End-to-end walkthrough of the Auraison data-plane lakehouse stack using the yerevann/coco-karpathy dataset.

Prerequisites:

cd data-plane
docker compose up -d # MinIO :29000, PostgreSQL :55432

Sections: Ingest → Register Experiment → Schema & OLAP → Stream → Shuffle → W&B Metrics → Quality Assessment → Why a Lakehouse?

import os, sys
# Ensure data-plane root is on the path when running from notebooks/
sys.path.insert(0, os.path.join(os.path.dirname(os.path.abspath('.')), ''))
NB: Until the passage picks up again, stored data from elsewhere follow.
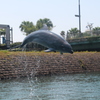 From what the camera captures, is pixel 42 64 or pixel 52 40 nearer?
pixel 52 40

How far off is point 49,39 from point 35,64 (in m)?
21.7

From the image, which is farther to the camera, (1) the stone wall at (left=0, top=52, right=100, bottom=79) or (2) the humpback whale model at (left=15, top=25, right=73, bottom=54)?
(1) the stone wall at (left=0, top=52, right=100, bottom=79)

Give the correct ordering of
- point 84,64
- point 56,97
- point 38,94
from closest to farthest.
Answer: point 56,97, point 38,94, point 84,64

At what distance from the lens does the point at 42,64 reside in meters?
33.8

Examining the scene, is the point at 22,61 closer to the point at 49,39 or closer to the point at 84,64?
the point at 84,64

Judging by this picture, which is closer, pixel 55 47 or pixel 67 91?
pixel 55 47

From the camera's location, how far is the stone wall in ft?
99.6

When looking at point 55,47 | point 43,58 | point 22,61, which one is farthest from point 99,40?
point 55,47

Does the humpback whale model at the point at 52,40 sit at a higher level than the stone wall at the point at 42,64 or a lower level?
higher

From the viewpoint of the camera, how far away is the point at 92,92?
2062 cm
# Use internal Docker endpoint when running inside a container,
# host endpoint when running on the host.
S3_ENDPOINT = os.getenv('MINIO_ENDPOINT', 'http://localhost:29000')
S3_KEY = os.getenv('MINIO_ACCESS_KEY', 'minio')
S3_SECRET = os.getenv('MINIO_SECRET_KEY', 'minio123')
# DUCKLAKE_POSTGRES_DSN is set by docker-compose (uses postgresql:5432 service name);
# DUCKLAKE_DSN is the fallback for host-side execution.
PG_DSN = (
os.getenv('DUCKLAKE_POSTGRES_DSN')
or os.getenv('DUCKLAKE_DSN', 'postgresql://ducklake:123456@localhost:55432/ducklake')
)

BUCKET = 'landing'
PREFIX = 'coco-caption/notebook'
S3_URI = f's3://{BUCKET}/{PREFIX}/**/*.parquet'
MAX_SAMPLES = 500

print(f'MinIO: {S3_ENDPOINT}')
print(f'S3 URI: {S3_URI}')
print(f'PG DSN: {PG_DSN}')
MinIO: http://minio:9000
S3 URI: s3://landing/coco-caption/notebook/**/*.parquet
PG DSN: postgresql://ducklake:123456@postgresql:5432/ducklake

Ingesting COCO-Caption from Hugging Face into MinIO

from lakehouse.sync import sync_from_hf
import boto3

result = sync_from_hf(
dataset_id='yerevann/coco-karpathy',
split='restval',
bucket=BUCKET,
prefix=PREFIX,
max_samples=MAX_SAMPLES,
s3_endpoint_url=S3_ENDPOINT,
s3_access_key=S3_KEY,
s3_secret_key=S3_SECRET,
)
print(f'Files uploaded : {result.files_uploaded}')
print(f'Rows : {result.rows_total:,}')
print(f'Bytes : {result.bytes_total / 1024:.1f} KiB')
print(f'Destination : s3://{result.bucket}/{result.prefix}/')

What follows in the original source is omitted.